▸ **Task directions**: Note each line of the entries that includes "Unit". Then copy those lines.

[Records from a collection]
---+---

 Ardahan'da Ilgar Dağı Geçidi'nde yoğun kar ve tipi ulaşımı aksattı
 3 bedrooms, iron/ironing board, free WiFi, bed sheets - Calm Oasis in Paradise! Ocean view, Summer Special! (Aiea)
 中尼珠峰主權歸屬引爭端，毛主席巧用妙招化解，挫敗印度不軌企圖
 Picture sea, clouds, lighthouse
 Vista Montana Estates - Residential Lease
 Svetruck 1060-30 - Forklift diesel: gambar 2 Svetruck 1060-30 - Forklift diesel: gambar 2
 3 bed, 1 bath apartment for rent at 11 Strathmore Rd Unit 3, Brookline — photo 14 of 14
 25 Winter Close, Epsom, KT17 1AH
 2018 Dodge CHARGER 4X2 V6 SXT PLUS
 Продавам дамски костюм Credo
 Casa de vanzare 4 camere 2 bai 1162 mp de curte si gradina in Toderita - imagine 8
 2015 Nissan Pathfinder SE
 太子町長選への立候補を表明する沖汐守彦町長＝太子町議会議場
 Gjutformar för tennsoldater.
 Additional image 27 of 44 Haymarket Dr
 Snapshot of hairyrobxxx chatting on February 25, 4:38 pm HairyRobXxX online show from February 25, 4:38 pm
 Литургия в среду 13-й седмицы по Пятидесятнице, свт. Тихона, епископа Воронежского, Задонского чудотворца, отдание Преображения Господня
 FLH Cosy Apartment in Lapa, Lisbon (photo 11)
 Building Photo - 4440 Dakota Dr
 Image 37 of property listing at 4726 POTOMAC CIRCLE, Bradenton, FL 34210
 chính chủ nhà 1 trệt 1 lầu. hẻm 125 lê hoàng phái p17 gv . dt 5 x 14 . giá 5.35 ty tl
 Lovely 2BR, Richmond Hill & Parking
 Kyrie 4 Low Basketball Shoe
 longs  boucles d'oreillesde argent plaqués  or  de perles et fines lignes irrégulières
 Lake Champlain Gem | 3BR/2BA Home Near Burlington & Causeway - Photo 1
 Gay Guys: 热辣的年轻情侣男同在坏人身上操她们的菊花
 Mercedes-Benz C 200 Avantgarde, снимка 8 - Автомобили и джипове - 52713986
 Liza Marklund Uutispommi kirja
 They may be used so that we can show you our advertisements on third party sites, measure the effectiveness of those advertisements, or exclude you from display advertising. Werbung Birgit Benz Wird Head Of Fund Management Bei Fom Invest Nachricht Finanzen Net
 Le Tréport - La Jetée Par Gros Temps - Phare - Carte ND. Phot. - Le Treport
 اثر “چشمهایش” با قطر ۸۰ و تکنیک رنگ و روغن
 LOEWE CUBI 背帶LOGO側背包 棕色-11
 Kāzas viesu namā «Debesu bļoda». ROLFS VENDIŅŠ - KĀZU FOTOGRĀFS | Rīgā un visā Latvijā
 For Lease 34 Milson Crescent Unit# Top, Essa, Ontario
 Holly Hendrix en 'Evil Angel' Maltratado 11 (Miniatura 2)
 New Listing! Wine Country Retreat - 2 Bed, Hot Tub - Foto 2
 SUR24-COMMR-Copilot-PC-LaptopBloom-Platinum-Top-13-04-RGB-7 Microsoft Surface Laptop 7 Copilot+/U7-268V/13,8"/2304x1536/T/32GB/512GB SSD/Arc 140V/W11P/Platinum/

---+---

▸ **Expected answer**:
 3 bed, 1 bath apartment for rent at 11 Strathmore Rd Unit 3, Brookline — photo 14 of 14
 For Lease 34 Milson Crescent Unit# Top, Essa, Ontario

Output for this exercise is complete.